# Contour Design ShuttleXpress feedback



## imtnbike (Oct 31, 2012)

I am new to LR and will be importing and cataloging 15k+ pictures and want to get a very fluid workflow to accomplish this.  Does anybody have any experience with the ShuttleXpress or Shuttlepro.

Any pros or cons in using either one would be much appreciated!

Take care!


----------



## Victoria Bampton (Oct 31, 2012)

I love my Shuttle Pro!  Here's my settings: http://www.lightroomqueen.com/free-downloads/contourshuttlepro/  I use it primarily in the Develop module, as you can see.

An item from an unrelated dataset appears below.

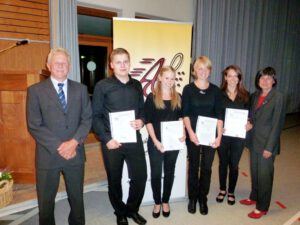 Lukas Burget, Jessica Böhler, Carolin Reisdorf und Marilena Steffi (v.l.) wurden für 10 jähriges aktives Musizieren in der Akkordeongruppe von der Stellvertr. Bezirksvorsitzenden des DHV Charlotte Eckmann (rechts) und vom 1. Vors. Trudpert Beckert (links) ausgezeichnet.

On my laptop, I have the ShuttleXpress and it works ok but I do miss the extra buttons.  I'd say it's significantly less useful than the Pro, IMHO, so well worth the extra cash to get the Pro.


----------



## corlius (Aug 6, 2021)

Can you please publish your laptop's settings for the ShuttleXpress.  I'm having difficulty reassigning buttons . I did reassign some, it worled one, then reverted to the standard assignment. Thanks!


----------



## Victoria Bampton (Aug 18, 2021)

Hi Corlius, sorry I didn't see your message. I don't often edit on my laptop very often anymore, but you can pick and choose from the shuttle pro settings I posted


----------



## corlius (Aug 19, 2021)

thanks Victoria.  I'll do.

There seems to be a bug in the XPress interface.  The assigned buttons doesn't work as indicated on the app. and when you reassign them, they are indicated on the app, but doesn't work accordingly. The official ContourShuttle support desk can't help. It is also noted by someone in his YouTube video.


----------



## Victoria Bampton (Aug 19, 2021)

Double check that you only have one set of settings for Lightroom. I've seen that kind of behavior in the past when the built-in LR settings were overriding mine.


----------



## corlius (Aug 19, 2021)

Yes I have. before I started to assign my own buttons. the error was already there: The buttons operated other functions than what is indicated. But I'll try again.  Thanks!


----------